■ DIRECTIONS FOR THIS TASK ■
Provide an exact reproduction of every entry.

· · · · ·

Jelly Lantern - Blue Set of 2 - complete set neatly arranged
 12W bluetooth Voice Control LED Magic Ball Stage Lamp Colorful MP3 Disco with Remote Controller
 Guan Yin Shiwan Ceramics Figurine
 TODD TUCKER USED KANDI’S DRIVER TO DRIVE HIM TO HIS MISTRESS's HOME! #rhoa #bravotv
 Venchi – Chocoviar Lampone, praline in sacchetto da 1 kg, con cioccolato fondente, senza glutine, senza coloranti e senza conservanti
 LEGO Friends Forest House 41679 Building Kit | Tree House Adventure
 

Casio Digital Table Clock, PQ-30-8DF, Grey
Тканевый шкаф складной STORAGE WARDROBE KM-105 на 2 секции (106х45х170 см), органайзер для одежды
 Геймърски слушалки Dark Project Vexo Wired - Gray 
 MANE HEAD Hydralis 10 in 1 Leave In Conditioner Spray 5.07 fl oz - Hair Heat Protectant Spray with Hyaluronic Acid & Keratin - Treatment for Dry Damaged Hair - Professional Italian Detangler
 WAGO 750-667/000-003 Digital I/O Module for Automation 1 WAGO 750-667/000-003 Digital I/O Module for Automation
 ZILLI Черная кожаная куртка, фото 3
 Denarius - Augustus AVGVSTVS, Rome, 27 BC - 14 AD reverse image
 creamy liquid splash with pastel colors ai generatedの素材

· · · · ·

■ ANSWER FOR THIS EXERCISE ■
Jelly Lantern - Blue Set of 2 - complete set neatly arranged
 12W bluetooth Voice Control LED Magic Ball Stage Lamp Colorful MP3 Disco with Remote Controller
 Guan Yin Shiwan Ceramics Figurine
 TODD TUCKER USED KANDI’S DRIVER TO DRIVE HIM TO HIS MISTRESS's HOME! #rhoa #bravotv
 Venchi – Chocoviar Lampone, praline in sacchetto da 1 kg, con cioccolato fondente, senza glutine, senza coloranti e senza conservanti
 LEGO Friends Forest House 41679 Building Kit | Tree House Adventure
 

Casio Digital Table Clock, PQ-30-8DF, Grey
Тканевый шкаф складной STORAGE WARDROBE KM-105 на 2 секции (106х45х170 см), органайзер для одежды
 Геймърски слушалки Dark Project Vexo Wired - Gray 
 MANE HEAD Hydralis 10 in 1 Leave In Conditioner Spray 5.07 fl oz - Hair Heat Protectant Spray with Hyaluronic Acid & Keratin - Treatment for Dry Damaged Hair - Professional Italian Detangler
 WAGO 750-667/000-003 Digital I/O Module for Automation 1 WAGO 750-667/000-003 Digital I/O Module for Automation
 ZILLI Черная кожаная куртка, фото 3
 Denarius - Augustus AVGVSTVS, Rome, 27 BC - 14 AD reverse image
 creamy liquid splash with pastel colors ai generatedの素材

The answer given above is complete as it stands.